The Pitch: Cowboys and ex-Pirates.

The Review: Giaochino Rossini may just have been the most famous composer of his time in Italy. He’d composed over three dozen operas, including such enduring works as The Barber Of Seville, by the time he was 37. It was at this point he produced what may be his most recognised work of all, the opera William Tell, from which this overture (the March Of The Swiss Soldiers) is taken:

But your level of knowledge of classical music will dictate as to whether you recognise it more from the story of a man who shot an arrow from his son’s head, or from the story of a Texas ranger who teams up with an American Indian, riding the plains in the search for truth and justice. Having pirated the Caribbean to its every corner, the team of Johnny Depp, producer Jerry Bruckheimer, writers Ted Elliott and Terry Rossio and composer Hans Zimmer (to name the most prominent collaborators) have turned their attentions to the almost mythical story first transmitted on radio in the Thirties and then the subject of an equally successful TV series in the Fifties. This adaptation has met with critical derision and audience apathy, but that may give a somewhat distorted view of what could be described as somewhere between an fascinating failure and a heavily qualified triumph.
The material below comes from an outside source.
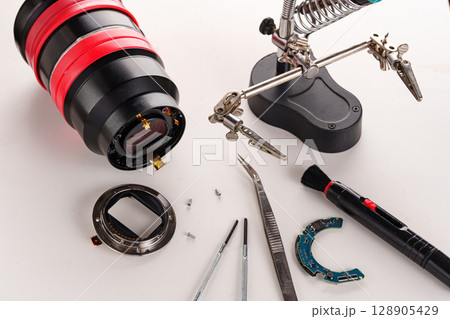 A broken lens of a professional camera and repair tools on a white table.  128905429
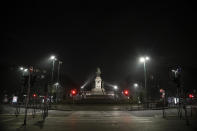 The statue of Italian patriot Giuseppe Garibaldi is lit in the middle of an empty square, in Milan, northern Italy, early Sunday, Oct. 25, 2020. Since the 11 p.m.-5 a.m. curfew took effect last Thursday, people can only move around during those hours for reasons of work, health or necessity. (AP Photo/Luca Bruno)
It’s reported that Rossini met Beethoven in 1822. “Ah, Rossini,” said Ludwig, “So you’re the composer of The Barber of Seville. I congratulate you. It will be played as long as Italian opera exists. Never try to write anything else but opera buffa; any other style would do violence to your nature.” It would be fair to say that Team Bruckheimer haven’t wandered too far from their standard template either, with anyone who’s seen any of the Pirates Of The Caribbean movies recognising the mix of spectacular, CGI based action, slightly overwrought drama and a variety of eccentric performances. This version is also surprisingly faithful to the origin story as laid out by the original creators of the Lone Ranger: John Reid (Armie Hammer) is a lawyer who is deputised by his Texas Ranger brother Dan (James Badge Dale) in an effort to recapture outlaw Butch Cavendish (William Fichtner) and return him to face justice at the request of railroad tycoon Latham Cole (Tom Wilkinson). When the Ranger gang is ambushed and John left for dead, he’s encouraged by oddball Indian Tonto (Depp) to put on a mask and to join him in his own hunt for Cavendish.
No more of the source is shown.